Start of Block

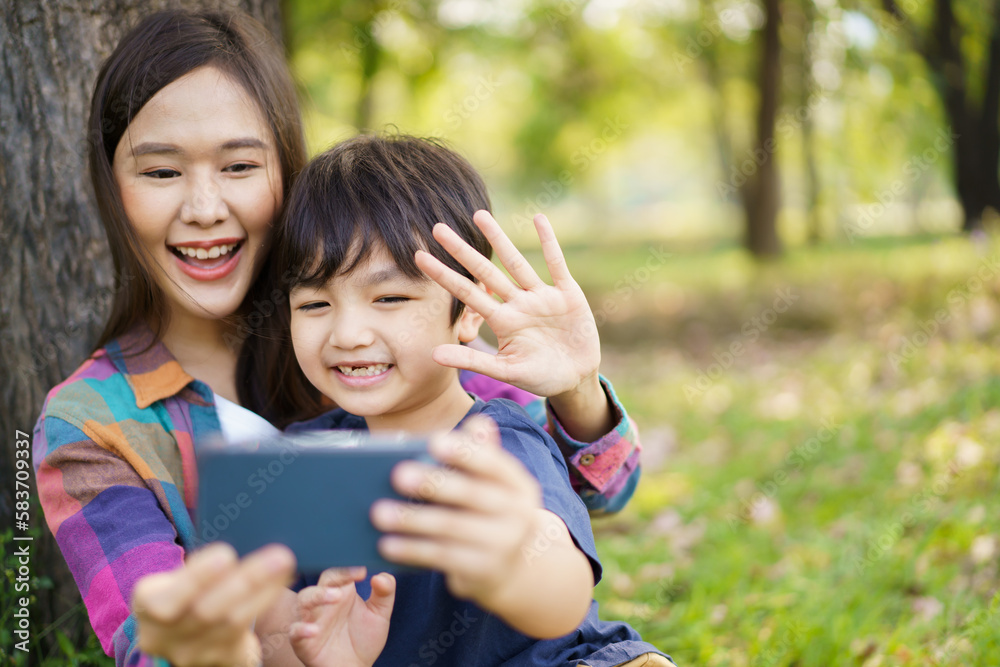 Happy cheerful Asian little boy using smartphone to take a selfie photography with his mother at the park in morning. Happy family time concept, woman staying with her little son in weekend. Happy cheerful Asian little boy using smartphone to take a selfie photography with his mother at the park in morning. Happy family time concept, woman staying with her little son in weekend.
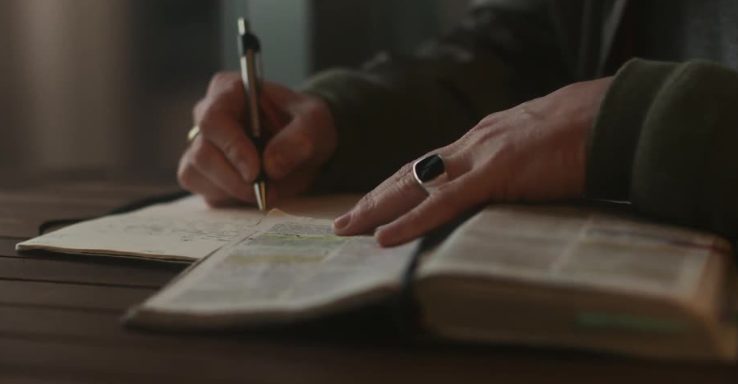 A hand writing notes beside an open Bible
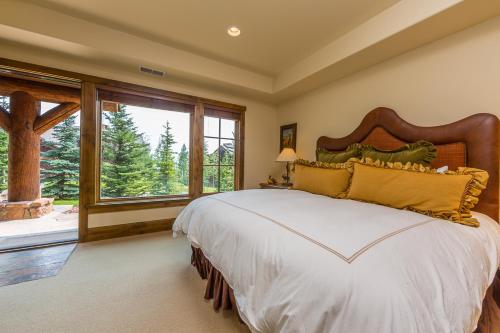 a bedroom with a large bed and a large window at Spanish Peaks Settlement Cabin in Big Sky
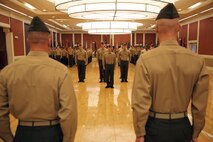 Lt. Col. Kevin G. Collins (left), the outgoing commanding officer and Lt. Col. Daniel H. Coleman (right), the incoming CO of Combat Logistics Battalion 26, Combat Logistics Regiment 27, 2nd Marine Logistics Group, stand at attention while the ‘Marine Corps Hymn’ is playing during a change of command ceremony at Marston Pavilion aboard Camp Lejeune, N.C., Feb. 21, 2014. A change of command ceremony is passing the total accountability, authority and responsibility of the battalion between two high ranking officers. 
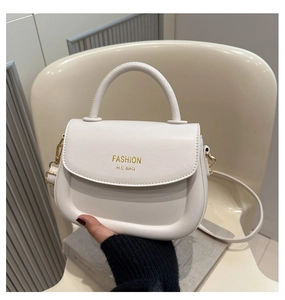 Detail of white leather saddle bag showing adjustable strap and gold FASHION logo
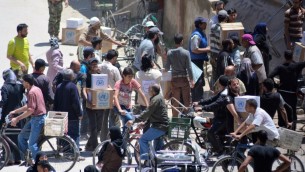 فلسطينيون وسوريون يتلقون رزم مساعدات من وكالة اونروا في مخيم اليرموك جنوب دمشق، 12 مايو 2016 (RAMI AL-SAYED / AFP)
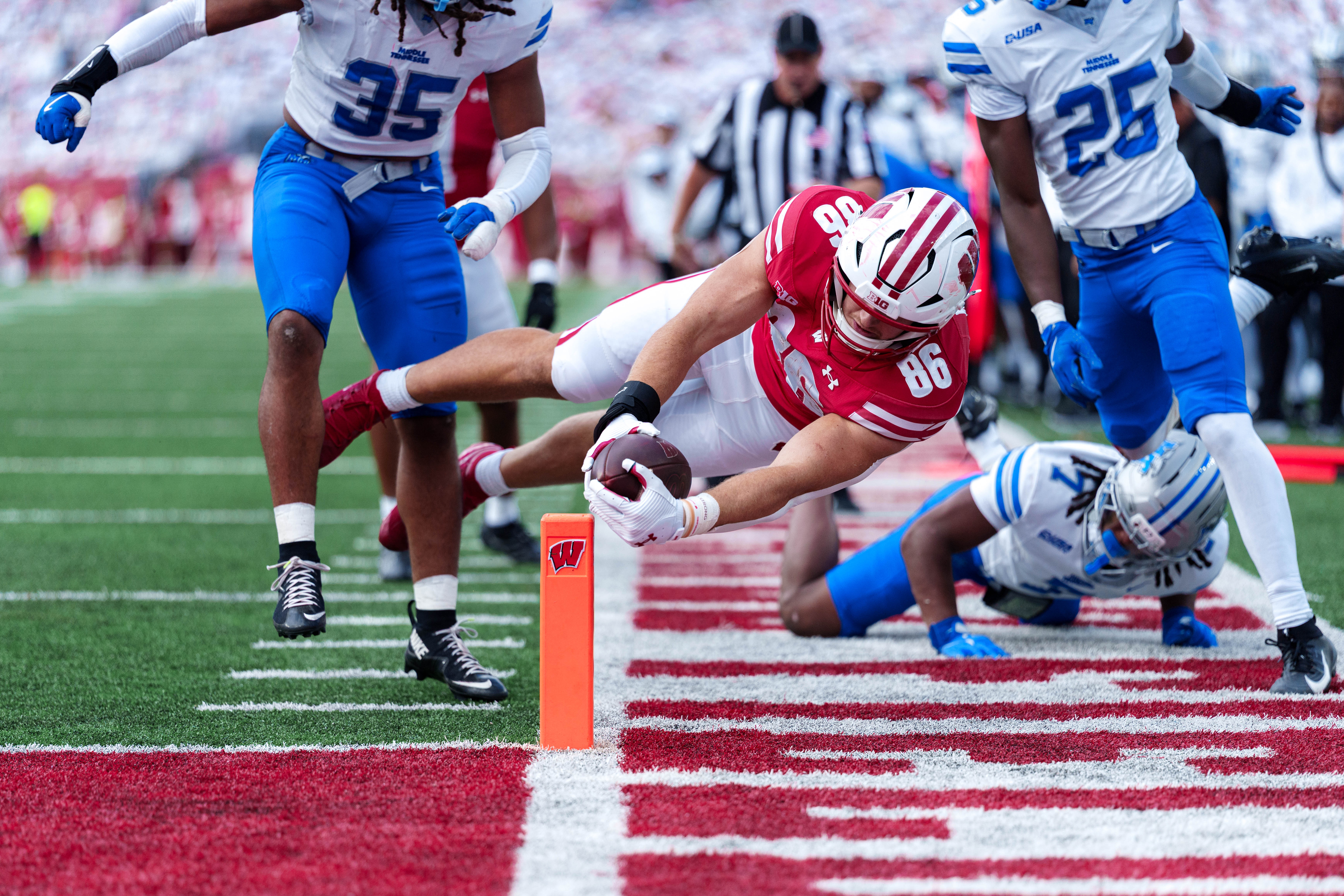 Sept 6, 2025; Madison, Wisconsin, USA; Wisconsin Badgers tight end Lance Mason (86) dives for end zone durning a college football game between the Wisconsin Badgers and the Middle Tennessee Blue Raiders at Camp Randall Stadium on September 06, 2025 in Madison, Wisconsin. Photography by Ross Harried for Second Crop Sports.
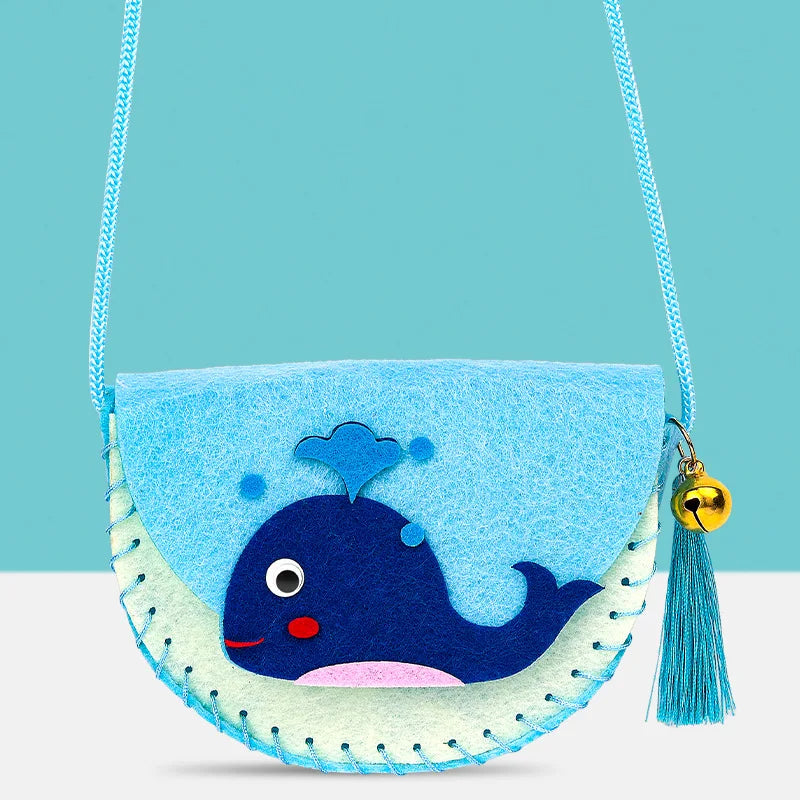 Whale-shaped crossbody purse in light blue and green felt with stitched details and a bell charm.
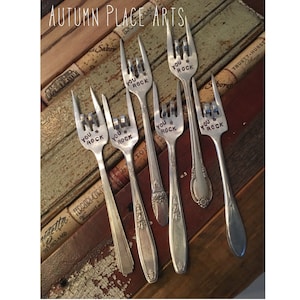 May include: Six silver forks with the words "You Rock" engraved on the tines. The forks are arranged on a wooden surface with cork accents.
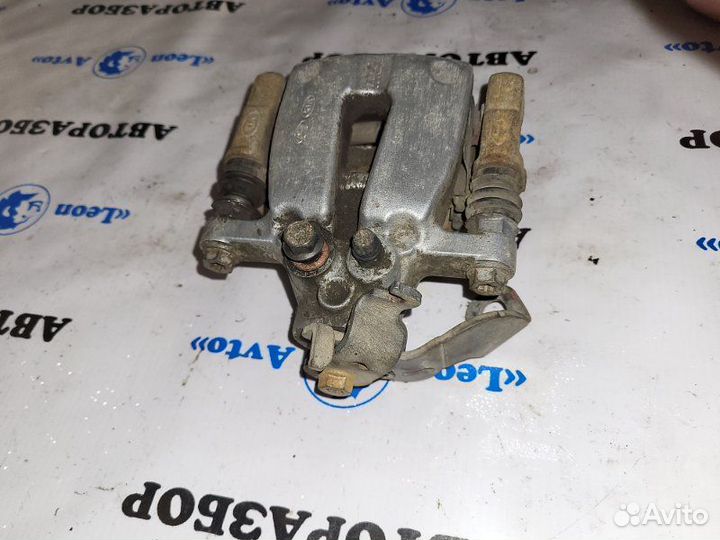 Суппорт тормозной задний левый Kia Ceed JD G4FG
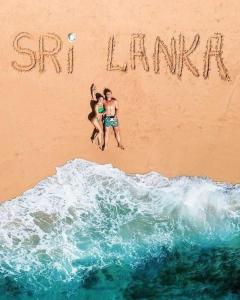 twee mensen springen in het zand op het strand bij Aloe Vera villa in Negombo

End of Block
Start of Block

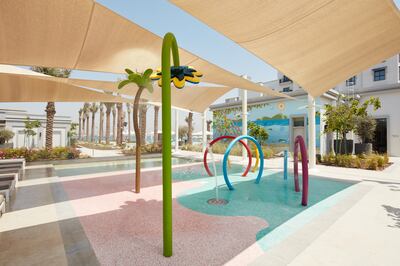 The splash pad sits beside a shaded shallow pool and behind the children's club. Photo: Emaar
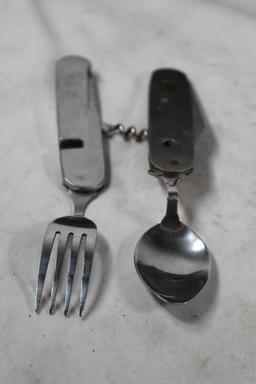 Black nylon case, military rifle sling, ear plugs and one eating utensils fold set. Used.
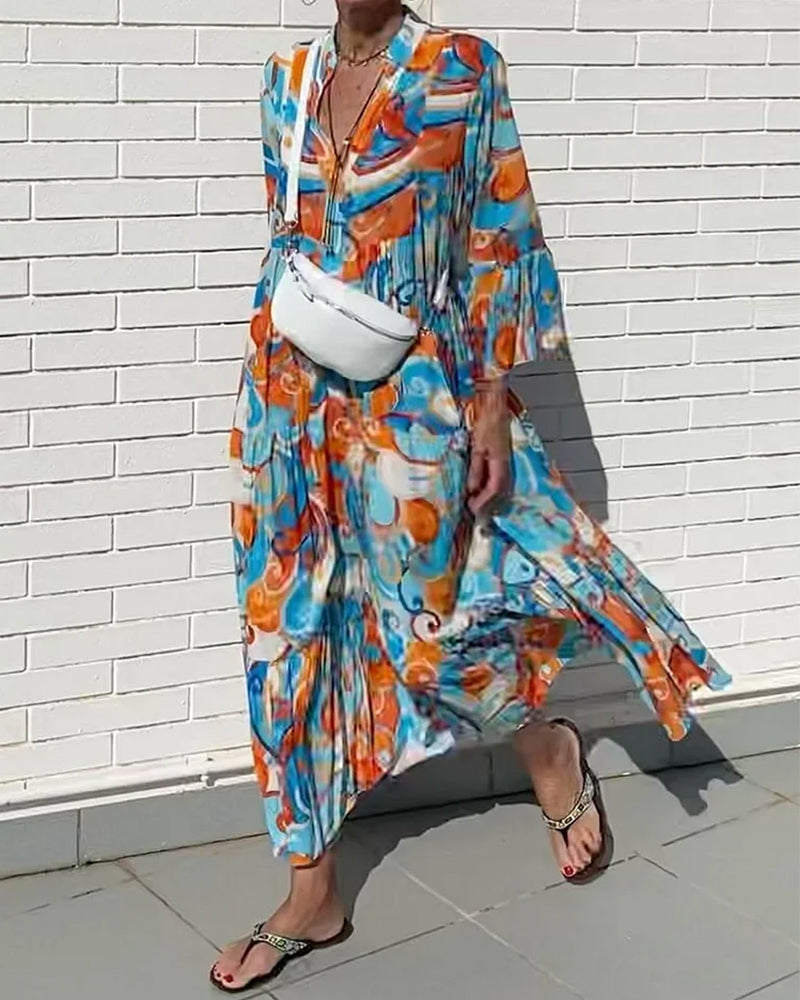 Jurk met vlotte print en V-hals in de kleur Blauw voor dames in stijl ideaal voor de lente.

End of Block
Start of Block

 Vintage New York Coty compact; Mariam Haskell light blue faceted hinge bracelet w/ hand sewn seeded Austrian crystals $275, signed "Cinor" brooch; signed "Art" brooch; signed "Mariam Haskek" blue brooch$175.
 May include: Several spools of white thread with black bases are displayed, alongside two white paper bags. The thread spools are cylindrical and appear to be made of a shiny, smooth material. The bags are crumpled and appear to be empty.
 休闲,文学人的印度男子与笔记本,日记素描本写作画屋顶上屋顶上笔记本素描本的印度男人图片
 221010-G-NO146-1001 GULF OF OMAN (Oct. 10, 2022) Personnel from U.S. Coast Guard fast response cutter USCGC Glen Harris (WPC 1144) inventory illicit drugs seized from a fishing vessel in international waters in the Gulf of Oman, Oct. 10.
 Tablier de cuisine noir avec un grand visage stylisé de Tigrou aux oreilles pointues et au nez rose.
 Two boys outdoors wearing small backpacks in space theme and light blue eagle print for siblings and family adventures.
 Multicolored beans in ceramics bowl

End of Block

To do
In the listing above, find the line with "Sept 6, 2025;" and the line with "May include: Six". Set down both and every line between them, minus the pictures.

Result for this exercise
 Sept 6, 2025; Madison, Wisconsin, USA; Wisconsin Badgers tight end Lance Mason (86) dives for end zone durning a college football game between the Wisconsin Badgers and the Middle Tennessee Blue Raiders at Camp Randall Stadium on September 06, 2025 in Madison, Wisconsin. Photography by Ross Harried for Second Crop Sports.
 Whale-shaped crossbody purse in light blue and green felt with stitched details and a bell charm.
 May include: Six silver forks with the words "You Rock" engraved on the tines. The forks are arranged on a wooden surface with cork accents.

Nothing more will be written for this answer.